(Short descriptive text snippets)
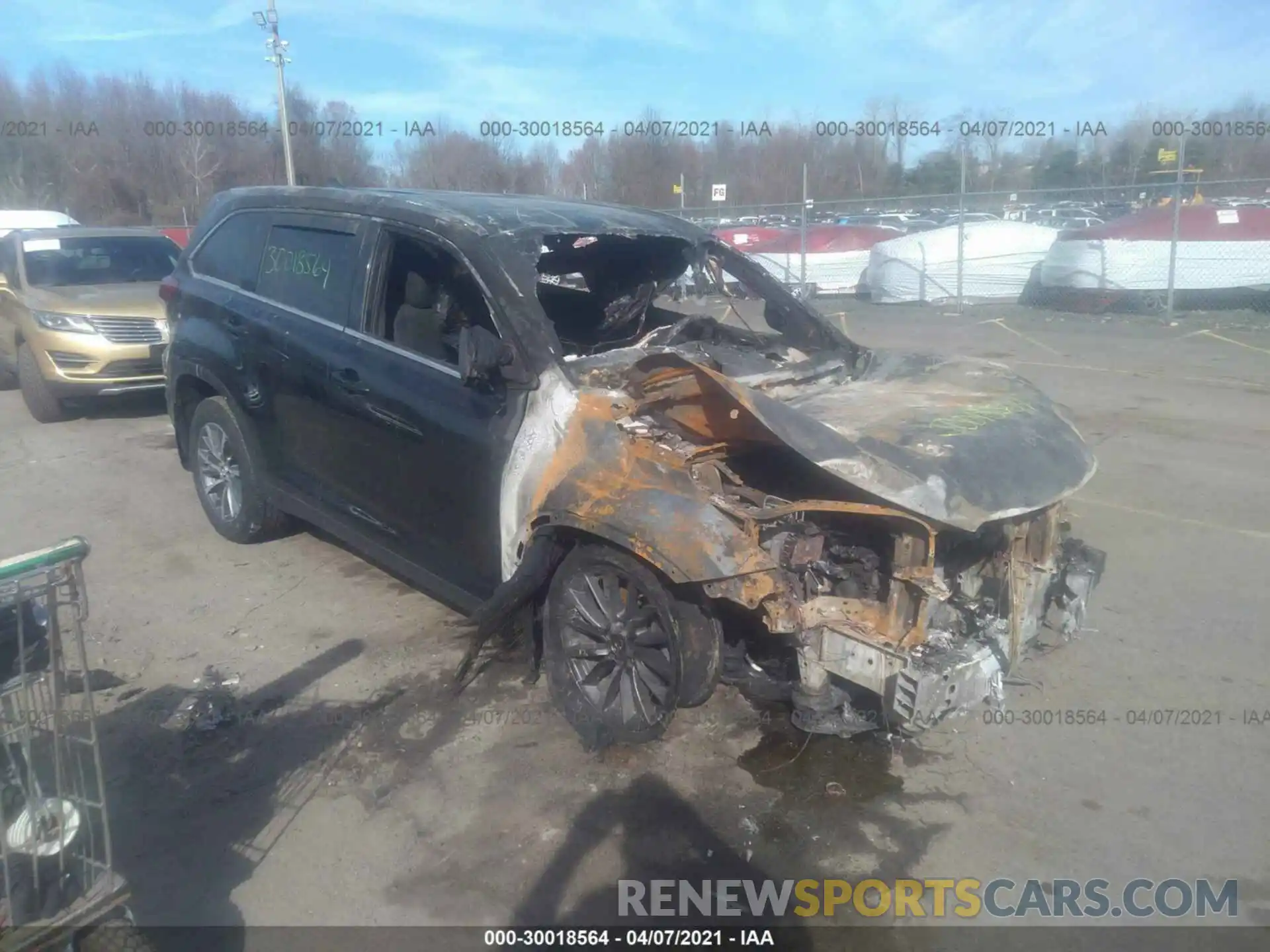 1 Photograph of a damaged car 5TDJZRFH4KS597648 TOYOTA HIGHLANDER 2019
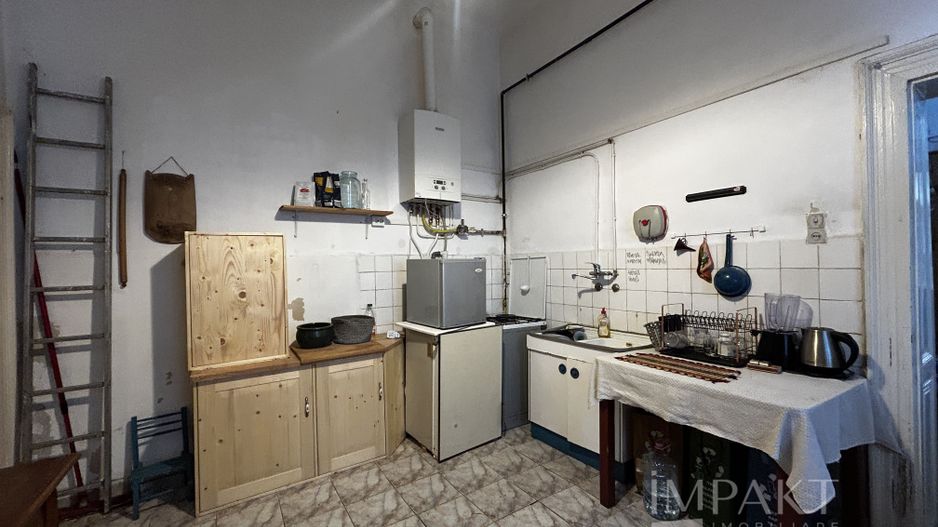 Vanzare apartament ultracentral, parter, imobil istoric - Poză 10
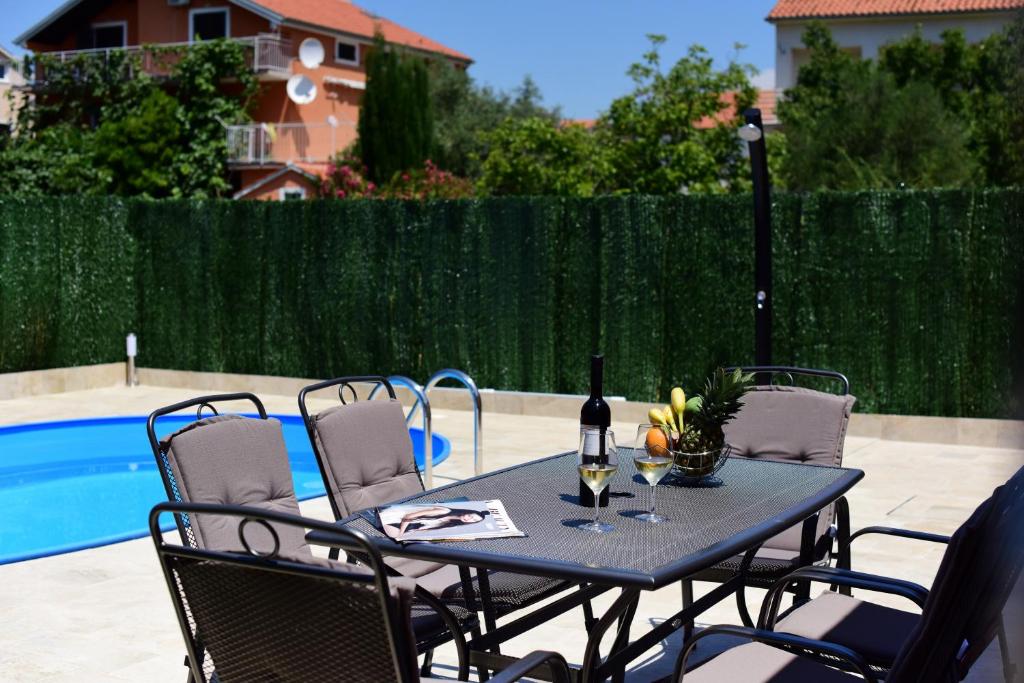 Bazén v ubytovaní Holiday home Orange with heated pool and parking alebo v jeho blízkosti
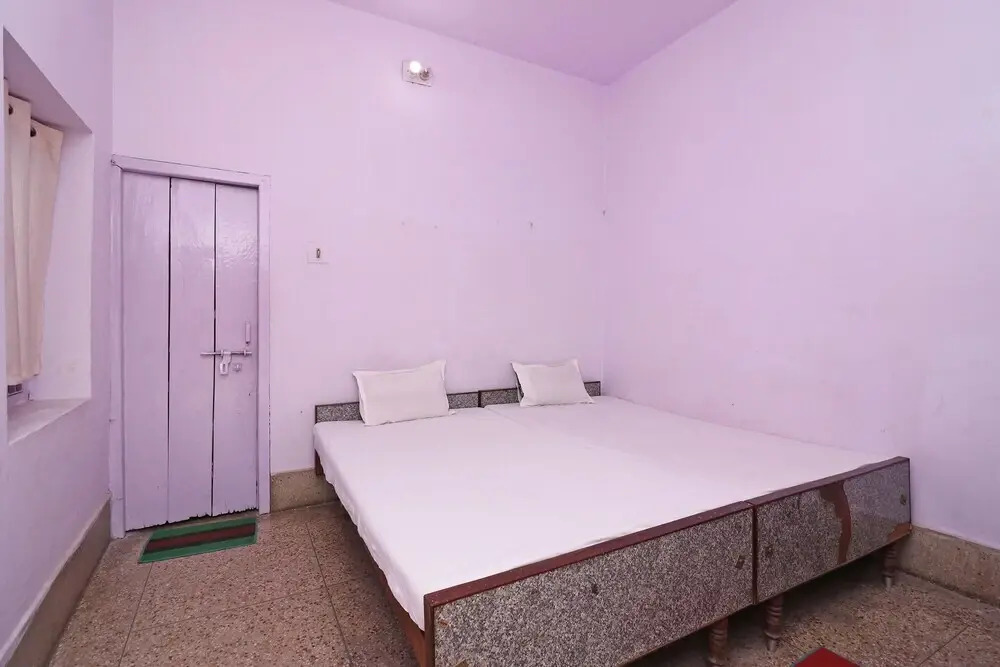 Hotel Swapnapuri by OYO Rooms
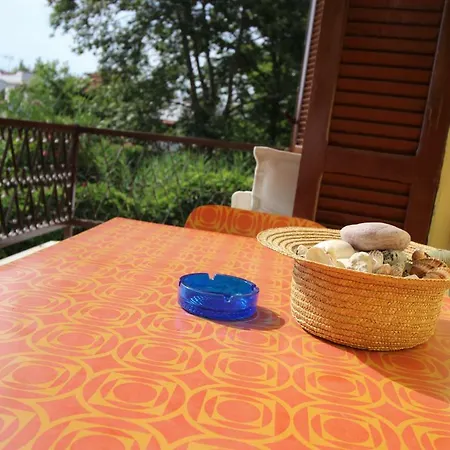 Kariani Beach Apartment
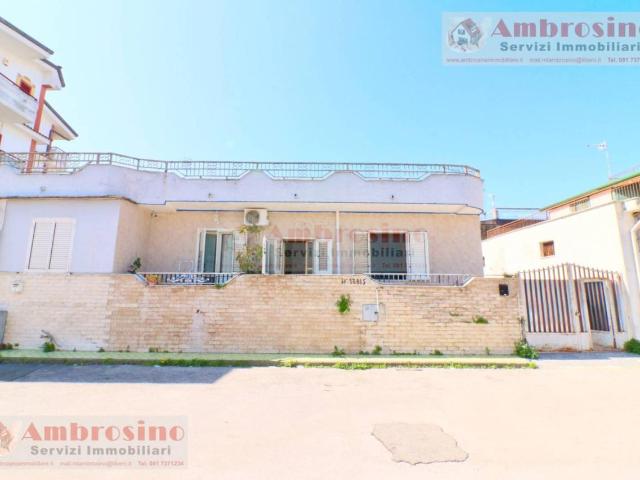 Villa Indipendente in vendita a Municipalità 5, Campania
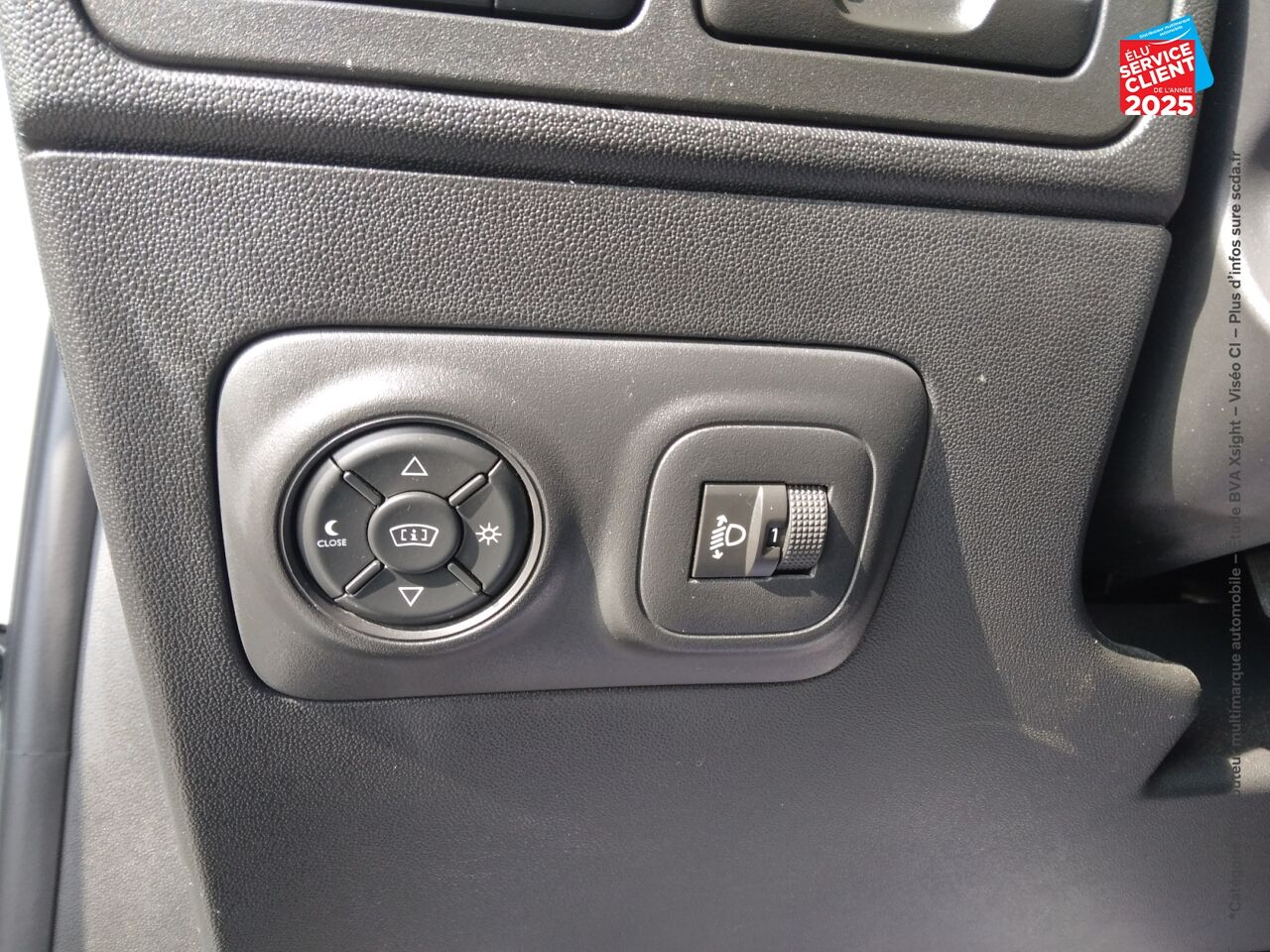 Véhicule d'occasion CITROEN C3 AIRCROSS PURETECH 110CH SS SHINE EAT6 E6.D-TEMP 114G chez HESS Automobile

## Your goal
The answer must be an exact copy of the lines from the one containing "Villa Indipendente in" through the last line of the records, and nothing else. Pictures do not belong in it.

## Solution
 Villa Indipendente in vendita a Municipalità 5, Campania
 Véhicule d'occasion CITROEN C3 AIRCROSS PURETECH 110CH SS SHINE EAT6 E6.D-TEMP 114G chez HESS Automobile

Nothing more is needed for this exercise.